Details
Description
The testcase TestUberAM#testThreadDumpOnTaskTimeout was supposed to be fixed by MAPREDUCE-7020. However, it still fails, see: https://builds.apache.org/job/PreCommit-MAPREDUCE-Build/7325/testReport/junit/org.apache.hadoop.mapreduce.v2/TestMRJobs/testThreadDumpOnTaskTimeout/ (note: other tests failed as well, but those look unrelated).

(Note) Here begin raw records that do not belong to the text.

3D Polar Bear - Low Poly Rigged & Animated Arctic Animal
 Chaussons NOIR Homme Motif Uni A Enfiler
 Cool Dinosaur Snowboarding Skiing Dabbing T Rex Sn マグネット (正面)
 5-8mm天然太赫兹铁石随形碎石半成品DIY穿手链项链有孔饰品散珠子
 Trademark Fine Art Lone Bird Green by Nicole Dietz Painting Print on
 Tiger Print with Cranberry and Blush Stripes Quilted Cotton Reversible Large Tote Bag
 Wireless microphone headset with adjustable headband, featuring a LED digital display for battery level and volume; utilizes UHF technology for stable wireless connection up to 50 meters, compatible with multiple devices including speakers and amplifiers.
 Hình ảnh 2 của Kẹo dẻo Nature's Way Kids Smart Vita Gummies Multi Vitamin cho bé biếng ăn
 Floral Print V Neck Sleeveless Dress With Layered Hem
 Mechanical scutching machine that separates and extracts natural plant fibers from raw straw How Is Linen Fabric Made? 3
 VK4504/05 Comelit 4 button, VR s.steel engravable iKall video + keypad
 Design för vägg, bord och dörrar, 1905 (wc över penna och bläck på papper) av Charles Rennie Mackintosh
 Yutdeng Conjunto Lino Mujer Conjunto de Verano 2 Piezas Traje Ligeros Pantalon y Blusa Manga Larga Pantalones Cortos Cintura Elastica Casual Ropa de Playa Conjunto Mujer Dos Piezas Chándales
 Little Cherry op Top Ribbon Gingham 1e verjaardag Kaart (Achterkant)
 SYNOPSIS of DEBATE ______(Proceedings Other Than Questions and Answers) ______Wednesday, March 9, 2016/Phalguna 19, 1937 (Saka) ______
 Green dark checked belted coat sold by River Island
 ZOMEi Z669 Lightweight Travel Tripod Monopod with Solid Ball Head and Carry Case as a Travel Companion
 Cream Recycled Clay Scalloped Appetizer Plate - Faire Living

When I tried to reproduce it locally, it failed again, although with a slightly different error message (it was actually the same as before):
[INFO] ------------------------------------------------------- [INFO] T E S T S [INFO] ------------------------------------------------------- [INFO] Running org.apache.hadoop.mapreduce.v2.TestUberAM [ERROR] Tests run: 1, Failures: 1, Errors: 0, Skipped: 0, Time elapsed: 128.192 s <<< FAILURE! - in org.apache.hadoop.mapreduce.v2.TestUberAM [ERROR] testThreadDumpOnTaskTimeout(org.apache.hadoop.mapreduce.v2.TestUberAM) Time elapsed: 79.539 s <<< FAILURE! java.lang.AssertionError: No AppMaster log found! expected:<1> but was:<2> at org.junit.Assert.fail(Assert.java:88) at org.junit.Assert.failNotEquals(Assert.java:743) at org.junit.Assert.assertEquals(Assert.java:118) at org.junit.Assert.assertEquals(Assert.java:555) at org.apache.hadoop.mapreduce.v2.TestMRJobs.testThreadDumpOnTaskTimeout(TestMRJobs.java:1228) at sun.reflect.NativeMethodAccessorImpl.invoke0(Native Method) at sun.reflect.NativeMethodAccessorImpl.invoke(NativeMethodAccessorImpl.java:62) at sun.reflect.DelegatingMethodAccessorImpl.invoke(DelegatingMethodAccessorImpl.java:43) at java.lang.reflect.Method.invoke(Method.java:498) at org.junit.runners.model.FrameworkMethod$1.runReflectiveCall(FrameworkMethod.java:47) at org.junit.internal.runners.model.ReflectiveCallable.run(ReflectiveCallable.java:12) at org.junit.runners.model.FrameworkMethod.invokeExplosively(FrameworkMethod.java:44) at org.junit.internal.runners.statements.InvokeMethod.evaluate(InvokeMethod.java:17) at org.junit.internal.runners.statements.FailOnTimeout$StatementThread.run(FailOnTimeout.java:74)
Root cause: System.exit() is still invoked at Task.statusUpdate()
public void statusUpdate(TaskUmbilicalProtocol umbilical) throws IOException { int retries = MAX_RETRIES; while (true) { try { if (!umbilical.statusUpdate(getTaskID(), taskStatus).getTaskFound()) { LOG.warn("Parent died. Exiting "+taskId); System.exit(66); } taskStatus.clearStatus(); return; ...
At this point, the task was not found and return value of umbilical.statusUpdate() is false. Checking whether we run in uber mode seems to solve the problem.